Problem statement -
Give all the data again exactly.

Data extract -

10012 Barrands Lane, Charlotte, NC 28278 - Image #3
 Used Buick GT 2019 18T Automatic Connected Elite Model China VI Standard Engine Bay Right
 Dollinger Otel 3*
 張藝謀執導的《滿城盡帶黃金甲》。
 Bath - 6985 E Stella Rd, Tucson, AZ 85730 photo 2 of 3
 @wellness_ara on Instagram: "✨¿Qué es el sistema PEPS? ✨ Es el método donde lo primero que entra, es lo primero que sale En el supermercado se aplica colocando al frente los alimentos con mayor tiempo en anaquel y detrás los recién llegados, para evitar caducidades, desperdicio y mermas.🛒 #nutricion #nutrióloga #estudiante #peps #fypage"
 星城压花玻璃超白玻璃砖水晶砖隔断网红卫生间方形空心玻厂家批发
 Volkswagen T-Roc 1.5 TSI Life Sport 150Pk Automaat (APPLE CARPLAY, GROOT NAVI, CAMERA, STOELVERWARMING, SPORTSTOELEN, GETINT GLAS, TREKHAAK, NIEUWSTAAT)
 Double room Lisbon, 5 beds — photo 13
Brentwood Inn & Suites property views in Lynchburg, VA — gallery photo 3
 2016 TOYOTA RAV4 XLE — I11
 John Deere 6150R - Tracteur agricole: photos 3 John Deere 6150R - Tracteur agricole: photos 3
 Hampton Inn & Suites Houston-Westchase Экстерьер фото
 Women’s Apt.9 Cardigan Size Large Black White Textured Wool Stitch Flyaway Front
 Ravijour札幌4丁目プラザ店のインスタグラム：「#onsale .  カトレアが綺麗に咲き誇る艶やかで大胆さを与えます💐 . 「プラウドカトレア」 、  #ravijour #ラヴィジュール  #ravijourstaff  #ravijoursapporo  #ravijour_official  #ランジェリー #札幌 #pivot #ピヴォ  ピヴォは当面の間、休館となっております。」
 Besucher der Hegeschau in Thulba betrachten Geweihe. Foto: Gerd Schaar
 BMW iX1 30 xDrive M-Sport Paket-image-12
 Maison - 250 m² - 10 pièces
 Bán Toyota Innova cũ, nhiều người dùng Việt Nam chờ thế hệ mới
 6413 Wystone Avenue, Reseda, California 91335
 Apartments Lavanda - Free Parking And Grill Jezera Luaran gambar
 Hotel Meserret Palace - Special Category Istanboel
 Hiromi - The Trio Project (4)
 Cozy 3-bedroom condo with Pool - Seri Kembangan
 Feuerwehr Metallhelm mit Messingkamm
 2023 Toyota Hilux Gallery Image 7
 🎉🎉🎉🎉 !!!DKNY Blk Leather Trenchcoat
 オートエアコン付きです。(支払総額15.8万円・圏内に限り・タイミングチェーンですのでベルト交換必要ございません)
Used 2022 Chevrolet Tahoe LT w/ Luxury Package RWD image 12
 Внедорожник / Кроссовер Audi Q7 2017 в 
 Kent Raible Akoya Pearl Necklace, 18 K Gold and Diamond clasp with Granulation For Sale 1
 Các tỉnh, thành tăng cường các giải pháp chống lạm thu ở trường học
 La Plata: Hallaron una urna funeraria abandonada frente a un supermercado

Task result -
10012 Barrands Lane, Charlotte, NC 28278 - Image #3
 Used Buick GT 2019 18T Automatic Connected Elite Model China VI Standard Engine Bay Right
 Dollinger Otel 3*
 張藝謀執導的《滿城盡帶黃金甲》。
 Bath - 6985 E Stella Rd, Tucson, AZ 85730 photo 2 of 3
 @wellness_ara on Instagram: "✨¿Qué es el sistema PEPS? ✨ Es el método donde lo primero que entra, es lo primero que sale En el supermercado se aplica colocando al frente los alimentos con mayor tiempo en anaquel y detrás los recién llegados, para evitar caducidades, desperdicio y mermas.🛒 #nutricion #nutrióloga #estudiante #peps #fypage"
 星城压花玻璃超白玻璃砖水晶砖隔断网红卫生间方形空心玻厂家批发
 Volkswagen T-Roc 1.5 TSI Life Sport 150Pk Automaat (APPLE CARPLAY, GROOT NAVI, CAMERA, STOELVERWARMING, SPORTSTOELEN, GETINT GLAS, TREKHAAK, NIEUWSTAAT)
 Double room Lisbon, 5 beds — photo 13
Brentwood Inn & Suites property views in Lynchburg, VA — gallery photo 3
 2016 TOYOTA RAV4 XLE — I11
 John Deere 6150R - Tracteur agricole: photos 3 John Deere 6150R - Tracteur agricole: photos 3
 Hampton Inn & Suites Houston-Westchase Экстерьер фото
 Women’s Apt.9 Cardigan Size Large Black White Textured Wool Stitch Flyaway Front
 Ravijour札幌4丁目プラザ店のインスタグラム：「#onsale .  カトレアが綺麗に咲き誇る艶やかで大胆さを与えます💐 . 「プラウドカトレア」 、  #ravijour #ラヴィジュール  #ravijourstaff  #ravijoursapporo  #ravijour_official  #ランジェリー #札幌 #pivot #ピヴォ  ピヴォは当面の間、休館となっております。」
 Besucher der Hegeschau in Thulba betrachten Geweihe. Foto: Gerd Schaar
 BMW iX1 30 xDrive M-Sport Paket-image-12
 Maison - 250 m² - 10 pièces
 Bán Toyota Innova cũ, nhiều người dùng Việt Nam chờ thế hệ mới
 6413 Wystone Avenue, Reseda, California 91335
 Apartments Lavanda - Free Parking And Grill Jezera Luaran gambar
 Hotel Meserret Palace - Special Category Istanboel
 Hiromi - The Trio Project (4)
 Cozy 3-bedroom condo with Pool - Seri Kembangan
 Feuerwehr Metallhelm mit Messingkamm
 2023 Toyota Hilux Gallery Image 7
 🎉🎉🎉🎉 !!!DKNY Blk Leather Trenchcoat
 オートエアコン付きです。(支払総額15.8万円・圏内に限り・タイミングチェーンですのでベルト交換必要ございません)
Used 2022 Chevrolet Tahoe LT w/ Luxury Package RWD image 12
 Внедорожник / Кроссовер Audi Q7 2017 в 
 Kent Raible Akoya Pearl Necklace, 18 K Gold and Diamond clasp with Granulation For Sale 1
 Các tỉnh, thành tăng cường các giải pháp chống lạm thu ở trường học
 La Plata: Hallaron una urna funeraria abandonada frente a un supermercado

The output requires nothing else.